## Task objective
Exactly as they appear below, repeat the lines from the one with "Old Town Silent Garden House Tallin" through the one with "Автомобили оснащены всем необходимым Автомобили", and no others.

Data excerpts:
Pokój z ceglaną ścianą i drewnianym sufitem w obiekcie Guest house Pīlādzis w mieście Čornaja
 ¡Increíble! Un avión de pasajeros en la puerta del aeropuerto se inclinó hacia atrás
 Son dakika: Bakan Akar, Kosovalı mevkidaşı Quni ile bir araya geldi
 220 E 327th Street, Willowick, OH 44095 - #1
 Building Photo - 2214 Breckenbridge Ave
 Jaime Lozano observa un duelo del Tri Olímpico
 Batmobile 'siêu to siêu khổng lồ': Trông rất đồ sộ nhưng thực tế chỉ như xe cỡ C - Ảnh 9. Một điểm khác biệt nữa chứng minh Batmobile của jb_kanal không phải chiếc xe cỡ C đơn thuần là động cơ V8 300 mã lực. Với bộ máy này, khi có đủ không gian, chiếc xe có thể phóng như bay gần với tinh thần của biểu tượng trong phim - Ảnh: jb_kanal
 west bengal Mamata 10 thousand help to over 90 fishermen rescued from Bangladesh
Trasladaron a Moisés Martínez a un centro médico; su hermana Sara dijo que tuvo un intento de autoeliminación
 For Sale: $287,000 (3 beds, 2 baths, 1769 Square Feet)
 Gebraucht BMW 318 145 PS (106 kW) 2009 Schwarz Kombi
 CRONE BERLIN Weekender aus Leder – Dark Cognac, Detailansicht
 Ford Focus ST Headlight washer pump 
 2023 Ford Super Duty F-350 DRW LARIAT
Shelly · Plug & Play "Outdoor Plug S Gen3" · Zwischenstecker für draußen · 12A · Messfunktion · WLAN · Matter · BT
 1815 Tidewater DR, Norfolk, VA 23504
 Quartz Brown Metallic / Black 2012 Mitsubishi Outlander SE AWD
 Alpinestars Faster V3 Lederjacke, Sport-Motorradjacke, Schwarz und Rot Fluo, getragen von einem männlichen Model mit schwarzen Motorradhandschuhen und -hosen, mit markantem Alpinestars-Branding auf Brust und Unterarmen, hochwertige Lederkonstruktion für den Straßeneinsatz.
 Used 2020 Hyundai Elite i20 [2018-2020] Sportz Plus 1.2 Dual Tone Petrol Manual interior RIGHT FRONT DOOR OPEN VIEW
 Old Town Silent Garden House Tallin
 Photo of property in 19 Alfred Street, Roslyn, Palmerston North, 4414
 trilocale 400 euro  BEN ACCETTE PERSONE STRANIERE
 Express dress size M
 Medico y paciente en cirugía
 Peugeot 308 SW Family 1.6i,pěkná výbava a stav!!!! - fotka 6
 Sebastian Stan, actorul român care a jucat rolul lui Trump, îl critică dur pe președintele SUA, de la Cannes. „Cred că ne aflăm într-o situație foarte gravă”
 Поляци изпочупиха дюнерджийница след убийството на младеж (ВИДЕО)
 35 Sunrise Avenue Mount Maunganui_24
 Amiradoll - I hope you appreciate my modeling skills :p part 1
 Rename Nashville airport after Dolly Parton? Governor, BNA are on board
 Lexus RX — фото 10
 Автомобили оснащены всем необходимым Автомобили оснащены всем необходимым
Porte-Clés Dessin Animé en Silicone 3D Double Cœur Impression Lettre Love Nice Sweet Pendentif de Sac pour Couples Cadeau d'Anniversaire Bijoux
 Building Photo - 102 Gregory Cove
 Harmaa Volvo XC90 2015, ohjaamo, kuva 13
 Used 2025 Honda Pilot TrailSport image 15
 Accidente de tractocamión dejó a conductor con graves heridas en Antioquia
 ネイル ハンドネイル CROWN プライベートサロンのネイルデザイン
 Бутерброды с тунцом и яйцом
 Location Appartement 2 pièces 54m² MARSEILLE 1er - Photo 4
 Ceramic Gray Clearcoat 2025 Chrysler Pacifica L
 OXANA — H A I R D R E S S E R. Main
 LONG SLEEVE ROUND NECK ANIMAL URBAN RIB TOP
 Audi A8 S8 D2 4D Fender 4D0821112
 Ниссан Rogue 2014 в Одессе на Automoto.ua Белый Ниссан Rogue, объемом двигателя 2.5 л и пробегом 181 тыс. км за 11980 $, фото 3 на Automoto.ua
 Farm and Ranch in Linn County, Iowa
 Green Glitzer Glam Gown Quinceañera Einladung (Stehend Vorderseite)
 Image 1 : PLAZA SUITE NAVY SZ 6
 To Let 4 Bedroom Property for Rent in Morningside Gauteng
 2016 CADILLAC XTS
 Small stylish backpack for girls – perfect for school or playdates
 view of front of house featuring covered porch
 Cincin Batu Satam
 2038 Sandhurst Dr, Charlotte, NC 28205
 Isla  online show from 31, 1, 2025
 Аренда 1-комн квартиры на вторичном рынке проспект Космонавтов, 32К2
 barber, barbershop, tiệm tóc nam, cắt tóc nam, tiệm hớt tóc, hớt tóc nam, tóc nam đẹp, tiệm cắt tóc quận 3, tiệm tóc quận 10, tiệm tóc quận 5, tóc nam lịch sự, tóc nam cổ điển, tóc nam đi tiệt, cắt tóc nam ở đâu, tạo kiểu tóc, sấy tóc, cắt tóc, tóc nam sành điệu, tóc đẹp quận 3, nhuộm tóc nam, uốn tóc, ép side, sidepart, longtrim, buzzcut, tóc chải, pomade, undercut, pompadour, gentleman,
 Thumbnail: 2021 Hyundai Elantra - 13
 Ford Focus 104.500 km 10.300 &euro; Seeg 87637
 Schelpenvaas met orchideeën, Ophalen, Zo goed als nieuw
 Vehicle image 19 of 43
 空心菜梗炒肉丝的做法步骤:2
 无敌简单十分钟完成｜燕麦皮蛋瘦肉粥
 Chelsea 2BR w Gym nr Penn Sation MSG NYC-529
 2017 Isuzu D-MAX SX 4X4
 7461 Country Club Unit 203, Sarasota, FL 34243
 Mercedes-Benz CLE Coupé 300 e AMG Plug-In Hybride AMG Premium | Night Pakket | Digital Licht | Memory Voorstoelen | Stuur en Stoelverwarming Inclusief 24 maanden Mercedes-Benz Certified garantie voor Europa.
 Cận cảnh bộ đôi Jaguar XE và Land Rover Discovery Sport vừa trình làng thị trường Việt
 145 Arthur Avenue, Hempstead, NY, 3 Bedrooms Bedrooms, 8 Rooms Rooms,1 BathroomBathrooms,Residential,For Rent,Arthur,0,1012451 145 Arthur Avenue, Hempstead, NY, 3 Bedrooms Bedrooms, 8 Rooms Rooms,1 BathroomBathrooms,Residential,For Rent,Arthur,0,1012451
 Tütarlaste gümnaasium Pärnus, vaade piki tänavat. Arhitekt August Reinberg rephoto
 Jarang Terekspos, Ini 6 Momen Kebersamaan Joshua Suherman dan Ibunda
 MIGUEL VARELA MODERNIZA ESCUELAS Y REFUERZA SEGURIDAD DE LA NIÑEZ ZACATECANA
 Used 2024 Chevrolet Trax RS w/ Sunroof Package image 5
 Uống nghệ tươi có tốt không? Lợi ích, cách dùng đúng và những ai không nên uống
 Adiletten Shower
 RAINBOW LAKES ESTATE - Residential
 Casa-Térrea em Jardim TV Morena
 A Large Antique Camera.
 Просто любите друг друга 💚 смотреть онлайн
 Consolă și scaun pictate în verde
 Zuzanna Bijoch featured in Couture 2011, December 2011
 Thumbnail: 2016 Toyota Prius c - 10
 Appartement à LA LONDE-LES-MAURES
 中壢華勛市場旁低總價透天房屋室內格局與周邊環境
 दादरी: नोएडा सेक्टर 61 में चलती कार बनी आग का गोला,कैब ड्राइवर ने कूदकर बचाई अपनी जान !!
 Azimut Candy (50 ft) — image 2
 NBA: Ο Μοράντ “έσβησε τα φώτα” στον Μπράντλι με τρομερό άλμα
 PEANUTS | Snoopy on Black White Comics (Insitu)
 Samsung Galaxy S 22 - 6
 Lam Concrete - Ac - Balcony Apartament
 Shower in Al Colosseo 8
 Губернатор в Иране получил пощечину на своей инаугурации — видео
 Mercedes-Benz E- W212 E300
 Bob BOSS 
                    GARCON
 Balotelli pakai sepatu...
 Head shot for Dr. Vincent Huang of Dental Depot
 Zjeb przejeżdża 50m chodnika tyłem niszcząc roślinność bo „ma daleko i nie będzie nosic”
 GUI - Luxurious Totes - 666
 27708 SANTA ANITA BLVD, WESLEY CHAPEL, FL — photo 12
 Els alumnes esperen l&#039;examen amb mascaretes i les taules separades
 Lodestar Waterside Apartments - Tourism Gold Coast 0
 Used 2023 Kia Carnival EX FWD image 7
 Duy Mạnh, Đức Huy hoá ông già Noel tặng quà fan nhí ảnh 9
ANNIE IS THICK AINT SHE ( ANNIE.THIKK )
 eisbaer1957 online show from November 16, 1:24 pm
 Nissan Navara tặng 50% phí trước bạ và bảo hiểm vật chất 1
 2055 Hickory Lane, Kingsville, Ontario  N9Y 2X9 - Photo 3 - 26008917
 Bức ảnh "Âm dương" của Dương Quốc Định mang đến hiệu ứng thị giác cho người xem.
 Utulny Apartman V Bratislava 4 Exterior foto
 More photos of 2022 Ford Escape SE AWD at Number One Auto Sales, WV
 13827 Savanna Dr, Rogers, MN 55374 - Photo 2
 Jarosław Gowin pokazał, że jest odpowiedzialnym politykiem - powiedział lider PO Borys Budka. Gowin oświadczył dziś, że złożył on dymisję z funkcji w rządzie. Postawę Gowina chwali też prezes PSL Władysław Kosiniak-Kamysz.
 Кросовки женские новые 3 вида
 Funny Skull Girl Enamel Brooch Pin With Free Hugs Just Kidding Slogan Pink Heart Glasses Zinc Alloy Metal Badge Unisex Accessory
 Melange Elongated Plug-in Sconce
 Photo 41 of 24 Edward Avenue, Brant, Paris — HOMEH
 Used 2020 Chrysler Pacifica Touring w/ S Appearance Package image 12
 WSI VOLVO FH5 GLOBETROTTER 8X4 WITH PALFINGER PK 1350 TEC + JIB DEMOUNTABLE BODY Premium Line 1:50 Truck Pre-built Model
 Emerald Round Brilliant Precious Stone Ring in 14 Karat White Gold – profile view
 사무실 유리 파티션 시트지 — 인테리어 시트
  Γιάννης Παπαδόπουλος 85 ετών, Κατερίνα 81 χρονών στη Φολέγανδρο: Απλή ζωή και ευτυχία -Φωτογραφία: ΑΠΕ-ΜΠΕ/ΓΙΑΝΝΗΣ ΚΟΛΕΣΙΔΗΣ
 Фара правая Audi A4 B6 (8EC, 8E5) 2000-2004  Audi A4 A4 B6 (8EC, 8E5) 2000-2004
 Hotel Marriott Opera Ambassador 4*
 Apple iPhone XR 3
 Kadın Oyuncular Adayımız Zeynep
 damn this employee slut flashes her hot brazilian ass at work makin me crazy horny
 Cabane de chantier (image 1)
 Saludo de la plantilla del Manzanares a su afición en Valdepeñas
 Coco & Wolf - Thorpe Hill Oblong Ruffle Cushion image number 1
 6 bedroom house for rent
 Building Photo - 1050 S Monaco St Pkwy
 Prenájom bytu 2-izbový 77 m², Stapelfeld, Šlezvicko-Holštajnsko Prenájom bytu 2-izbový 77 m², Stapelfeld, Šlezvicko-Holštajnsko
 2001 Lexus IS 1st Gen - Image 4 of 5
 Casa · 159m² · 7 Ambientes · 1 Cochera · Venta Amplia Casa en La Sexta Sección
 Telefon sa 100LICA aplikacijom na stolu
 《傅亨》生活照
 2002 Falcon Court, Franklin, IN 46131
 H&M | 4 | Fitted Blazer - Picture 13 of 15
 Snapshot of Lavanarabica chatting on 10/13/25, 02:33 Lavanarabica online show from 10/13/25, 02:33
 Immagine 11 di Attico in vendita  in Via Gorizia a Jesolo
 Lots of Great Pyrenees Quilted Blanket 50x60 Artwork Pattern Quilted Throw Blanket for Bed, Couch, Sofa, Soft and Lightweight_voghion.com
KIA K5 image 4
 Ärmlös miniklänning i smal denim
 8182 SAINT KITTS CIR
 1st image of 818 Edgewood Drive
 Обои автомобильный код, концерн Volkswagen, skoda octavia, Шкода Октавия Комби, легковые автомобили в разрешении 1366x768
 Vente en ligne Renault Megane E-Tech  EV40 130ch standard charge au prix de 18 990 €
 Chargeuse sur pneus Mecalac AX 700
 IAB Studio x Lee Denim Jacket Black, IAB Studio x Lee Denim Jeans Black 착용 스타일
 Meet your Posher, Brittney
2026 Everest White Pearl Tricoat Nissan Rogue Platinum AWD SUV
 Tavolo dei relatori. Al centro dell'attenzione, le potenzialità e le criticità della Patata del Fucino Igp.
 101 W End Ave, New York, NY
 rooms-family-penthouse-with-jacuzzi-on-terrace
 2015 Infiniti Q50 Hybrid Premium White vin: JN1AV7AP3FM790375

## Response to the task
 Old Town Silent Garden House Tallin
 Photo of property in 19 Alfred Street, Roslyn, Palmerston North, 4414
 trilocale 400 euro  BEN ACCETTE PERSONE STRANIERE
 Express dress size M
 Medico y paciente en cirugía
 Peugeot 308 SW Family 1.6i,pěkná výbava a stav!!!! - fotka 6
 Sebastian Stan, actorul român care a jucat rolul lui Trump, îl critică dur pe președintele SUA, de la Cannes. „Cred că ne aflăm într-o situație foarte gravă”
 Поляци изпочупиха дюнерджийница след убийството на младеж (ВИДЕО)
 35 Sunrise Avenue Mount Maunganui_24
 Amiradoll - I hope you appreciate my modeling skills :p part 1
 Rename Nashville airport after Dolly Parton? Governor, BNA are on board
 Lexus RX — фото 10
 Автомобили оснащены всем необходимым Автомобили оснащены всем необходимым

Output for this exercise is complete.